Ain't Gonna Play Sun City

I’ve been reading about some of the controversy around the Riyadh Comedy Festival, at which wealthy American and British comics performed. Some other comics have said that these folks shouldn’t have played the festival because they’re providing good publicity for a repressive regime that, lest we forget, literally carved up an American journalist. Queer sex is a death penalty offense in Saudi Arabia. Women have been legally allowed to drive a car in Saudi Arabia for only 7 years, and some of the women who fought hardest for that right are still in prison.

Given the fact that the Saudi regime is horrible even in comparison to most other horrible regimes, I’m gonna side with the critics on this one. But let’s look at some of the comics’ justifications, shall we?

Bill Burr: I, a cishet suburban white man, learned something about another culture, so this was a great event! (No, actually.)

Pete Davidson: The check cleared.

Dave Chapelle: I have more freedom of speech in Saudi Arabia than I do in the US. (Yes, your anti-trans bigotry will probably play very well there! Here’s an idea: Maybe stay there!)

Louis C.K.: He said something, but who the hell cares what it was.

Let’s just be clear that nobody who played this festival needs the money. Though careers in the arts are inherently unstable and it’s probably tough to say no to a high six-figure payday when you don’t know if you’re even going to have a career next year. Especially if you’re Dave Chappelle and don’t even really try to be funny anymore or Pete Davidson and you were never really that funny. Or Louis C.K. who shouldn’t have a career at all at this point. But still. Nobody needed the money.

I want to credit Little Steven Van Zandt with helping to shape my thinking about this. For those of you who weren’t born yet, in 1985, Little Steven assembled an incredibly impressive group of musicians to put together “Sun City,” in which they all asserted they weren’t going to play Sun City, a lavish resort in apartheid South Africa that was in a phony homeland (Not totally up on the homeland policy, but it seems at a cursory glance to be apartheid South Africa’s attempt to do to Black South Africans what the US government did to indigenous people, ie. force them into land nobody else wanted and away from white people) where Black South Africans were not allowed to be guests.

Apartheid South Africa tried to legitimize both itself and its despicable “homeland” policy by getting big name artists to play Sun City. And they got a lot of big names. Frank Sinatra. Queen. Dolly Parton. Elton John. Ray Charles. Rod Stewart. Cher.

This was the third big benefit song of the 80’s, and GenX is a cynical bunch, so there was a lot of, “oh, I bet not being able to book Hall & Oates really has the Apartheid Regime quaking in their boots,” or “Stiv Bators just wishes he was famous enough to get asked to play Sun City.”

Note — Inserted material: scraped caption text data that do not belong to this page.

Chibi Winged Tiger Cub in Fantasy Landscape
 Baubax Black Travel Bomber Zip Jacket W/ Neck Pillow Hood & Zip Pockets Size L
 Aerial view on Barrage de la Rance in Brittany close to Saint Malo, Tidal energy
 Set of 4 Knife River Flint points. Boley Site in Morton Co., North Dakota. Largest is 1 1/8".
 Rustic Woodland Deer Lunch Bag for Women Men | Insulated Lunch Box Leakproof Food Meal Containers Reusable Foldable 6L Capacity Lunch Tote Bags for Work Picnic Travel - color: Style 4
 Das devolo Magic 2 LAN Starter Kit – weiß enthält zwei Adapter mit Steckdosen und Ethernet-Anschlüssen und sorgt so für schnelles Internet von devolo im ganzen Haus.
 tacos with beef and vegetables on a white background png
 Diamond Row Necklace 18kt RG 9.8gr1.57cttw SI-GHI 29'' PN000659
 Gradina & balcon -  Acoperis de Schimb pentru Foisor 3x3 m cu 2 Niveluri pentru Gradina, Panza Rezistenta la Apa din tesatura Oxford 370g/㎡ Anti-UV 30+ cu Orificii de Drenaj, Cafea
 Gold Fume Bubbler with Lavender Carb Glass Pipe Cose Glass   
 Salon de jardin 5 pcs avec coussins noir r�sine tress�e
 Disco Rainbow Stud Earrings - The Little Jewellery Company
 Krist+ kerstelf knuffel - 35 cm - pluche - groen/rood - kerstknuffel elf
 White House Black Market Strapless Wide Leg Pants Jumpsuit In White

And yes, “Sun City” did not bring down the apartheid regime, and while there were some big names (and future big names) on this track, Sun City was never going to have trouble finding entertainers to sell out South Africa’s oppressed Black population for a buck. Indeed, after the song came out, a version of Black Sabbath with Tommy Iommi the only original member and Terry Chimes of the Clash (!) (!!) on drums did, in fact, play Sun City.

So what’s the point?

The point is simply this: moral clarity that is terribly threatening to the established order. Not just in South Africa. Everywhere. First of all, the idea that there are principles more important that money was positively heretical in 1985.

And then there’s this: Something terrible is going on. I do not have the power to stop it. But I will do what is in my power, which is not to actively participate in and benefit from it.

That’s what “Sun City” is really about, and that’s the message that’s so radical that people are still threatened by it. Seriously—tell people that you’re not participating in something for moral or ethical reasons and they will either try to write you off as a tiresome killjoy, or they will immediately try to prove that you are not perfect in every respect, and therefore that trying to follow your conscience at all is pointless.

Well, here’s another thing that “Sun City” shows—that following your conscience can be an occasion for joy. You can tell by the way the artists spend the last third of the video smiling and dancing. You want community? You want joy? Watch Bono plant a kiss on the cheek of Darren “Buff Love” Robinson from the Fat Boys at 6:38!

Mass movements are great, but so are individual ones. And sure, we can’t all boycott everything horrible unless we go completely off the grid, and probably not even then, but you can make a stand. And, just as importantly, you can dance.